The part below that opens with the line containing "In the background, to" and closes with the line containing "a building with" should be copied exactly, minus any pictures.

TASK MATERIAL section start

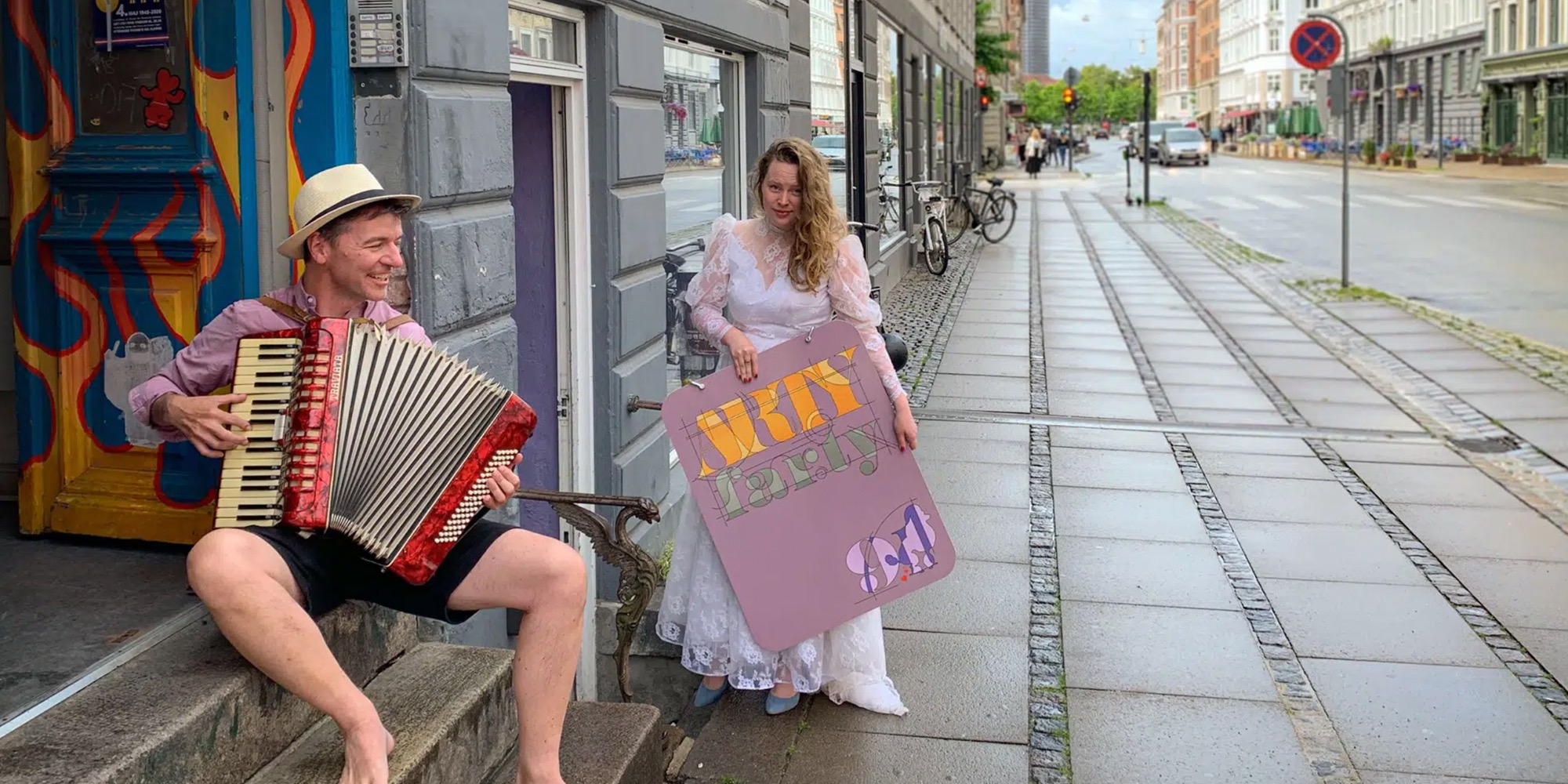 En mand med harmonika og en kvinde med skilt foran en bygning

TASK MATERIAL section end
TASK MATERIAL section start

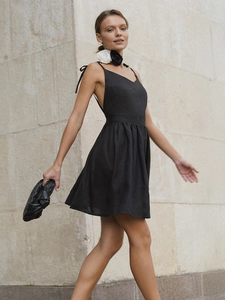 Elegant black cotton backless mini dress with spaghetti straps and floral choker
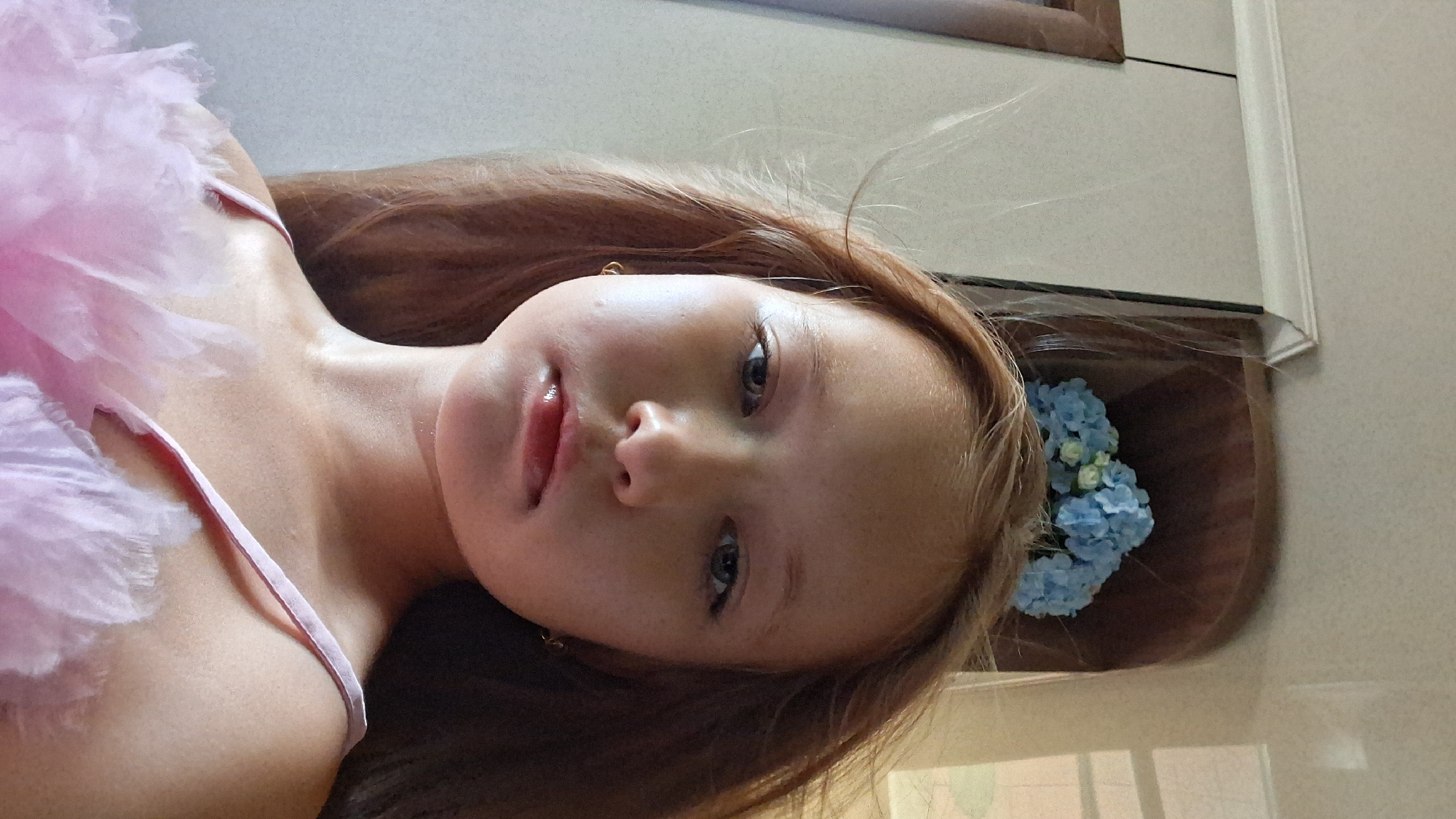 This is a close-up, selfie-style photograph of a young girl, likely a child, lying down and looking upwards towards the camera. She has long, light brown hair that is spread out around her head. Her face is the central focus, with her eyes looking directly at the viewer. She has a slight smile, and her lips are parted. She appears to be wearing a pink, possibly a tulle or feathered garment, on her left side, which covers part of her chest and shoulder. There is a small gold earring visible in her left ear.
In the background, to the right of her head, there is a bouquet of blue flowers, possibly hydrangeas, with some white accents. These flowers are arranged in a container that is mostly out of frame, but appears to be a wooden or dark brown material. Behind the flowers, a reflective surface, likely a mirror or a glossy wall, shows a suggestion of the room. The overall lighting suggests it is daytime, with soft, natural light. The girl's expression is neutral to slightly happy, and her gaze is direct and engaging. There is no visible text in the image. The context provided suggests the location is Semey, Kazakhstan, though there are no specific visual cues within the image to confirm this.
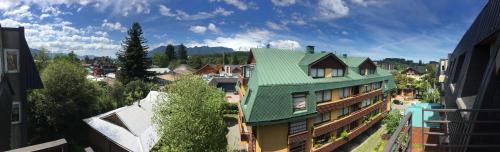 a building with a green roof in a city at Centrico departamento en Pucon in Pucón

TASK MATERIAL section end
TASK MATERIAL section start

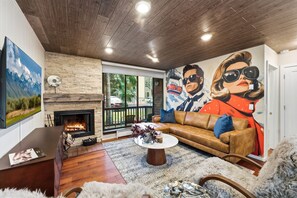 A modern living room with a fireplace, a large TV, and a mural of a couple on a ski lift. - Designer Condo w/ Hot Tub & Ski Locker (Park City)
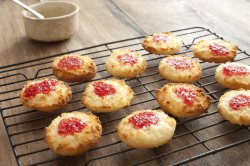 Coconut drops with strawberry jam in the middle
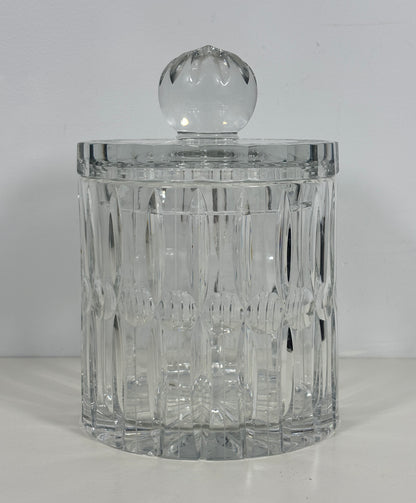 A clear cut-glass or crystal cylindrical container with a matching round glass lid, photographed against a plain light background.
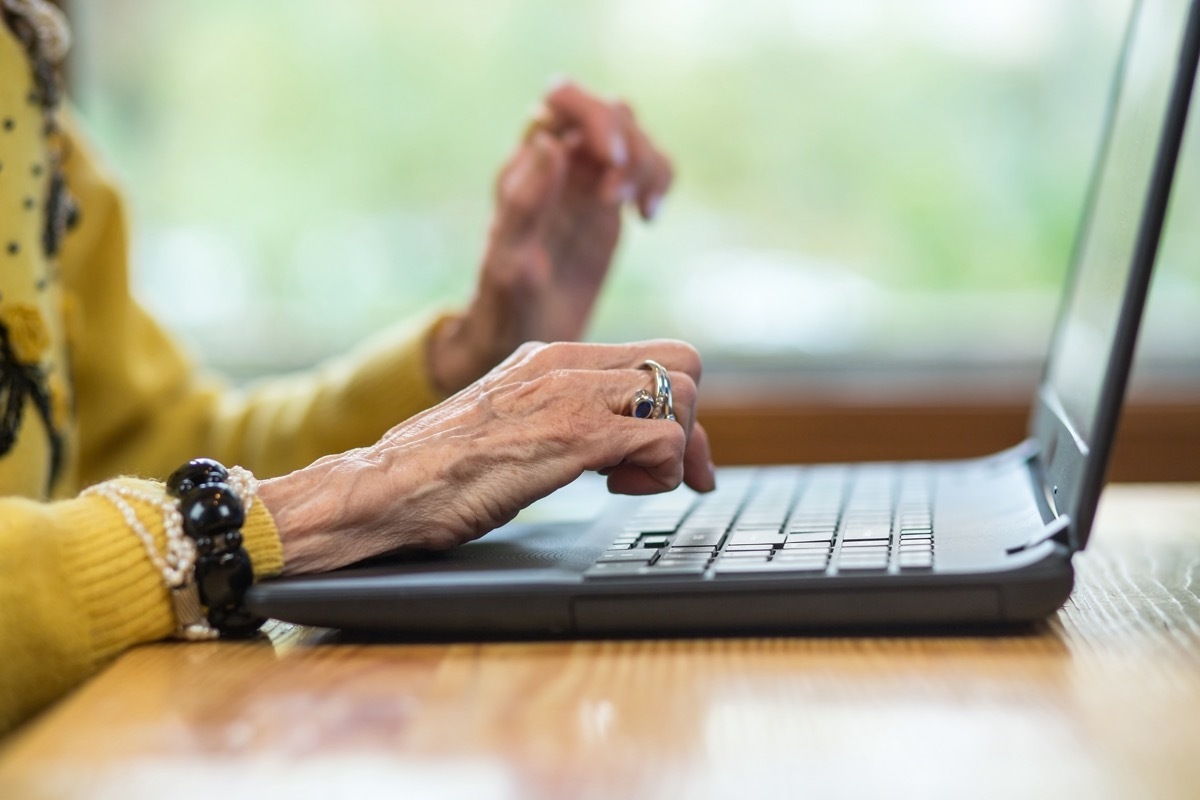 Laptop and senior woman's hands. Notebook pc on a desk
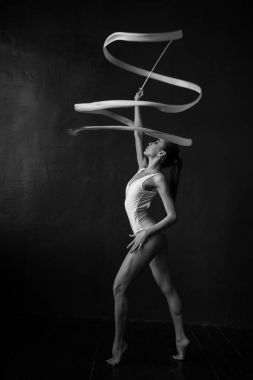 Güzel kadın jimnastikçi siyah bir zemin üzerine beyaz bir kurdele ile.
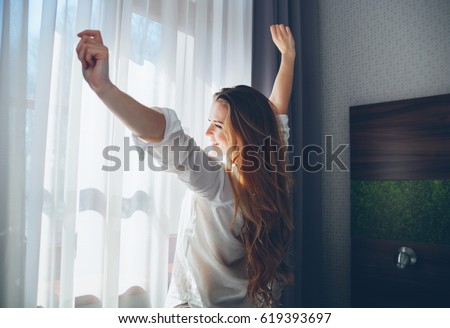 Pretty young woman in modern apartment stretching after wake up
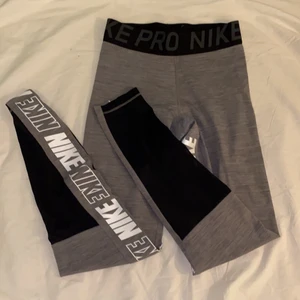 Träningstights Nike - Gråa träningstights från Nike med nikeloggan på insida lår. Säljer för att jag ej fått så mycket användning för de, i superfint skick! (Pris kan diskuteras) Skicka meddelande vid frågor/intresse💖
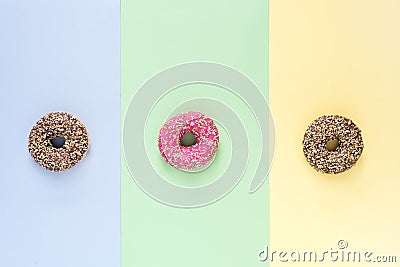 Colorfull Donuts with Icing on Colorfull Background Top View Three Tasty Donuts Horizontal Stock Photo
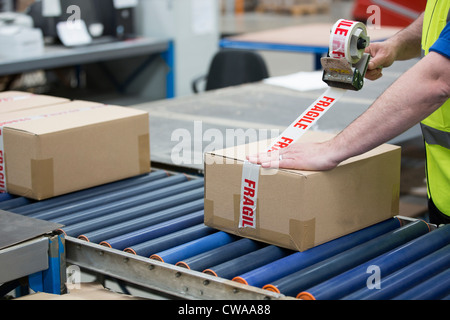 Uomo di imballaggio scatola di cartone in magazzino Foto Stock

TASK MATERIAL section end

ANSWER SPACE:
In the background, to the right of her head, there is a bouquet of blue flowers, possibly hydrangeas, with some white accents. These flowers are arranged in a container that is mostly out of frame, but appears to be a wooden or dark brown material. Behind the flowers, a reflective surface, likely a mirror or a glossy wall, shows a suggestion of the room. The overall lighting suggests it is daytime, with soft, natural light. The girl's expression is neutral to slightly happy, and her gaze is direct and engaging. There is no visible text in the image. The context provided suggests the location is Semey, Kazakhstan, though there are no specific visual cues within the image to confirm this.
 a building with a green roof in a city at Centrico departamento en Pucon in Pucón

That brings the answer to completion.